What’s going on here is a concern for relative status. People try to preserve their self-image by holding others down. This is entirely consistent with attacks upon immigrants and benefit claimants.

Here’s another example: wishful thinking, or the optimism bias. John Steinbeck once said that there’s no socialism in the US because the poor think of themselves as temporarily embarrassed millionaires.

A similar thing happened here in the 2015 election. The Tories said they’d cut welfare benefits. What voters heard was benefit cuts for other people.

Again, we’ve got laboratory evidence for this bias. Experiments by Guy Mayraz have shown that it’s incredibly easy to induce wishful thinking in people.

I could go on. There’s the just world illusion, status quo bias and adaptive preferences. Put all these together and you have what John Jost calls system justification theory (pdf) – a set of ideas that sustains inequality and injustice.

All of this helps explain why there isn’t more hostility to inequality. But it doesn’t explain why anger at elites was channelled towards voting for Brexit rather than into more economically sensible directions.

I suspect three mechanisms helped here. One was wishful thinking.

Another is prospect theory. This tells us that people who feel they’ve lost want to gamble to break even. This is why they back longshots on the last race of the day or why they hold onto badly performing stocks. The thing motivated many Leavers. People who had lost out from globalization, or felt discomfited by immigration, voted Leave because they felt they had little to lose from doing so.

The third mechanism has been discovered recently by David Leiser and Zeev Kril. They show that laypeople’s thinking about economics is dominated by what they call the “good begets good” heuristic. People believe that good things have good effects.

This, I suspect, explains a lot. People think controlling the public finances, or controlling immigration, are good things, so they must have good effects. I shouldn’t need to tell you that it ain’t so. In this context, the slogan “Vote Leave, Take Control” was an act of genius. It appealed to the “good begets good heuristic as well as to the fact that people facing uncertainty and feeling distrustful of elites want more control for themselves. (Perhaps this is fuelled by yet another cognitive bias – overconfidence about the benefits of such control)

I contend, therefore, that Marxian theories of ideology are supported by recent research. People aren’t just misinformed about political issues – there’s lots of surveys telling us that. They are irrational too. They have false consciousness.

Now, this goes against mainstream centrist thinking, which seems to have imported into politics a theory of consumer sovereignty just as behavioural economics is undermining that theory. But it is in fact an old idea. We’ve known since the work of Richard Downs in 1955 that people can be rationally ignorant about politics. We also know they can be rationally inattentive. So why can’t they also be rationally irrational in politics?
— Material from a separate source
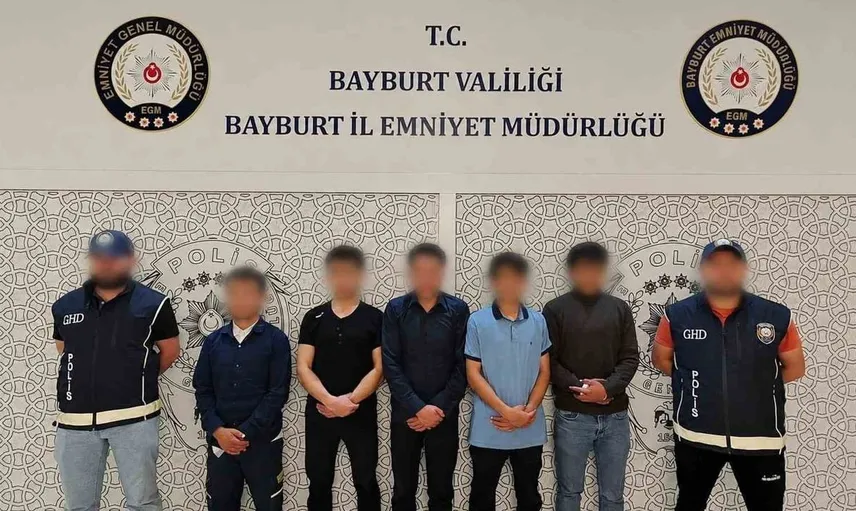 Bayburt'ta düzensiz göçmen operasyonu: 5 kişi yakalandı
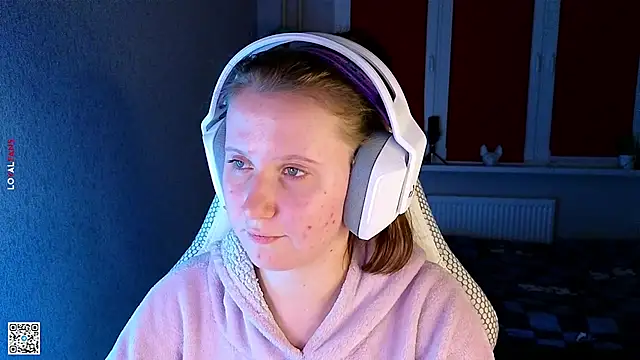 mon lola online show from 09-29-25, 05:07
All this poses the question: what can be done about this? The answer isn’t to dismiss people as stupid. The point about the cognitive biases programme is that it shows that we are all prone to error. In fact, this is true of those of us who are awake to such biases. Once you start looking for such biases, you see them everywhere – and perhaps exaggerate their significance. That’s an example of the confirmation bias.

Instead, we should think about policies that run with the grain of people’s biases and yet are sensible themselves. One clue here lies in that word “control”. What we saw during the EU referendum is that people want control. We should therefore offer voters just this. And meaningful control, not just immigration controls.

I’ll leave others to think about what such a platform might be: for me, it includes a citizens income and worker democracy among other things. The point, though, is that whilst we hear much about inequalities of income, the left must also think about reducing inequalities of power.